Verification after remediation

Firewall rules and service configuration changes do not always behave as expected. External verification is the only way to confirm that ports are actually closed from an attacker's perspective.

  • Run AI QA Monkey Open Port Scanner from outside your network immediately after applying changes.
  • Use nmap -sV -p 1-65535 yourdomain.com from an external server for comprehensive verification.
  • Re-scan after every infrastructure change: new EC2 instance, updated security group, load balancer addition, or cloud provider migration.
  • Document all open ports and their business justification. Review the list quarterly and close any port that no longer has a documented owner.

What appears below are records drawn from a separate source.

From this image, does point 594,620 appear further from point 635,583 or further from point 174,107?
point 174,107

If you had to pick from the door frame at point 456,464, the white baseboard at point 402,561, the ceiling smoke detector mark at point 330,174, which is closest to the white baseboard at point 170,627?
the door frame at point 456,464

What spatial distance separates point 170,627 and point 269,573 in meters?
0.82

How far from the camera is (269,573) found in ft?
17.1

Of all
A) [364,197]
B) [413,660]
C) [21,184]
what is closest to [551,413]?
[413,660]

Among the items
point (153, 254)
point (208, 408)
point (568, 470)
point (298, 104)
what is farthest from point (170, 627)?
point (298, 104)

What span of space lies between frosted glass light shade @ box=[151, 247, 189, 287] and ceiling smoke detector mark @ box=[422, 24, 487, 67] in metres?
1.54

Building a port exposure policy

Ad-hoc remediation is not sustainable. A documented port policy prevents the same findings from recurring after every infrastructure change.

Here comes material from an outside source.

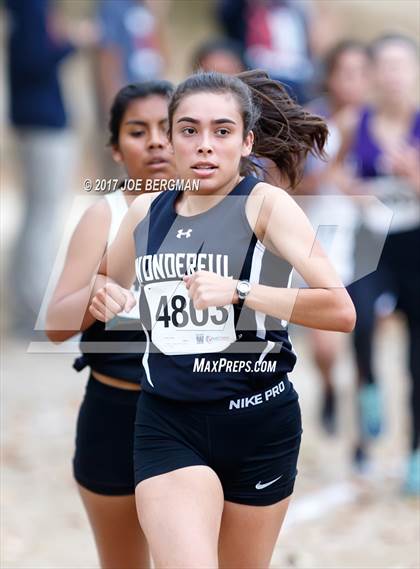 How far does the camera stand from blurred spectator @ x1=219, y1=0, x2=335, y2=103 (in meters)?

  • Approved public ports: 80 (HTTP redirect), 443 (HTTPS), and any required public APIs. All others are blocked by default.
  • Approved internal-only ports: Database ports, admin interfaces, monitoring (e.g., 9090 Prometheus), internal APIs. Restricted to private subnet CIDR or VPN IP range.
  • Change management requirement: Any new port opening requires a ticket with business justification, security review, and expiration date if temporary.
  • Automated enforcement: Use infrastructure-as-code (Terraform, Pulumi) to define security groups. Any manual change that deviates from the defined state triggers an alert.